Excerpted records |
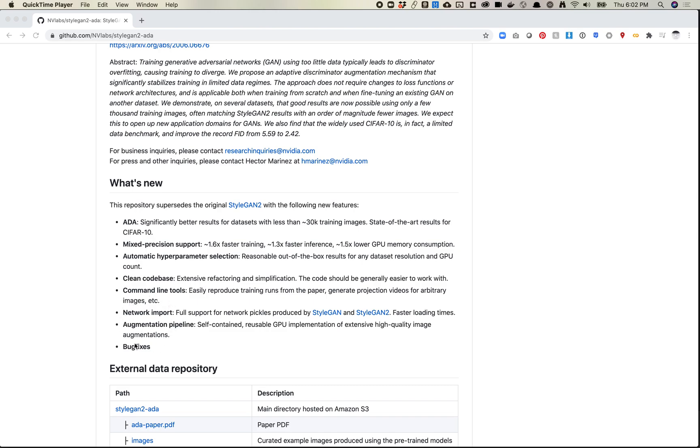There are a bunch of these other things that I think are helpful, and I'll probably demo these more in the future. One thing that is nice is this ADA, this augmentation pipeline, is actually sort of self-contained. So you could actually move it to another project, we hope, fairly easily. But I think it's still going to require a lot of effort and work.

--

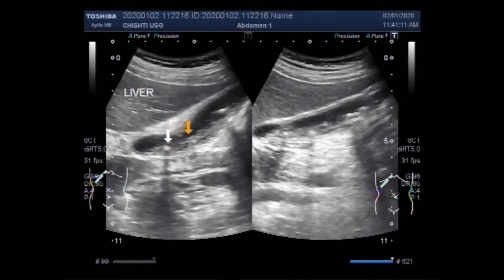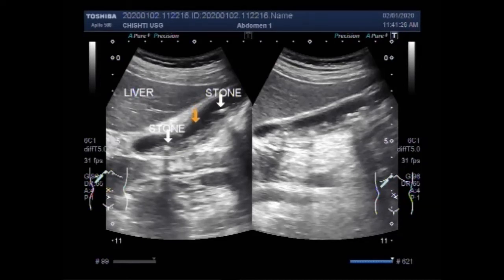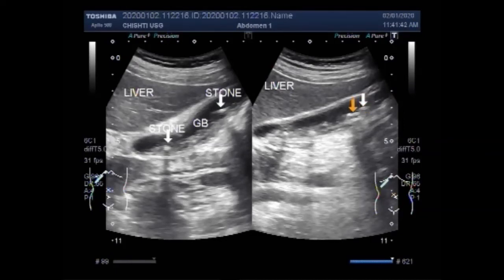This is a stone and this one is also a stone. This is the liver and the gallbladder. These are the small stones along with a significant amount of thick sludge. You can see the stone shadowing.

---

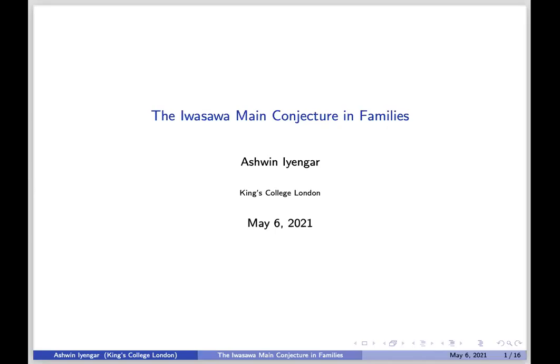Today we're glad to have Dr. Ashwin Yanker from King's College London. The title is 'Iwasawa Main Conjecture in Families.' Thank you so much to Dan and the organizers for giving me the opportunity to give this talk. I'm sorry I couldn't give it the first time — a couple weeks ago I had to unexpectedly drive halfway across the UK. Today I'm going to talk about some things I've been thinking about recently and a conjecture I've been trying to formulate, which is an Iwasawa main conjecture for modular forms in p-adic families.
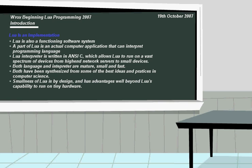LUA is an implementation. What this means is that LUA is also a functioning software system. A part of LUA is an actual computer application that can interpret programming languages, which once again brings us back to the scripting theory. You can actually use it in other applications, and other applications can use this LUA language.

Exercise |
For this exercise, transcribe exactly the part of the records above that opens with the line containing "Today we're glad" and closes with the one containing "LUA is an implementation.". Pictures are not part of the copy.

Output for this task |
Today we're glad to have Dr. Ashwin Yanker from King's College London. The title is 'Iwasawa Main Conjecture in Families.' Thank you so much to Dan and the organizers for giving me the opportunity to give this talk. I'm sorry I couldn't give it the first time — a couple weeks ago I had to unexpectedly drive halfway across the UK. Today I'm going to talk about some things I've been thinking about recently and a conjecture I've been trying to formulate, which is an Iwasawa main conjecture for modular forms in p-adic families.
LUA is an implementation. What this means is that LUA is also a functioning software system. A part of LUA is an actual computer application that can interpret programming languages, which once again brings us back to the scripting theory. You can actually use it in other applications, and other applications can use this LUA language.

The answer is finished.